FERMUARINI KAPAT, BEYNİN GÖRÜNÜYOR

KITIJ Cemil Biçer

Biz böyle miydik yoksa sonradan mı sapıklaştık? Muhtemelen hep böyleydik; kitle iletişim araçlarının yaygın olmaması, feodal baskılar, hepsinden önemlisi erkek egemen toplum yapısı ve daha birçok nedenden ötürü yaşanan bu çürümüşlüğü bilmiyorduk belki de bilip de bilmezden geliyorduk.

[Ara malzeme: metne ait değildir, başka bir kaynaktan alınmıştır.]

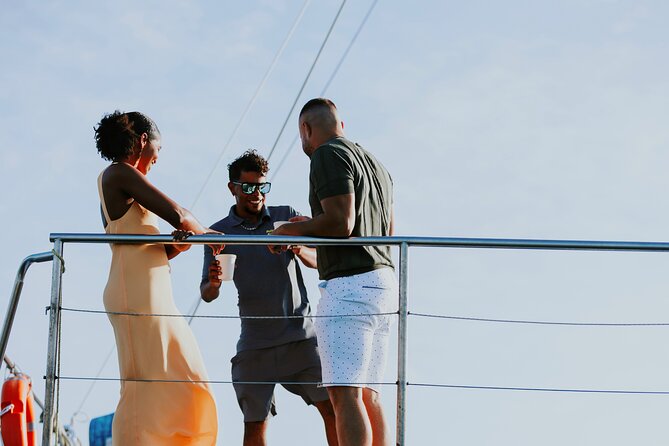 Aruba Sunset Sail Experience - Music, crew energy, and the changing mood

Önyargısız, nesnel bir araştırma yapılsa Anadolu’da yaşanmış ve yaşanmakta olan çok daha çirkin, çok daha iğrenç cinsel sapkınlıkların olduğunu görmek mümkün olacaktır. Belki de bu korkunç gerçekle yüzleşemeyeceklerini anlayan muktedirler, böyle bir araştırmaya izin vermiyorlar.

Sadece bizim insanlara özgü bir sapkınlık değil; dünyanın her yerinde, tarihin her döneminde olmuş ve olacak olan çirkinliklerdir bunlar.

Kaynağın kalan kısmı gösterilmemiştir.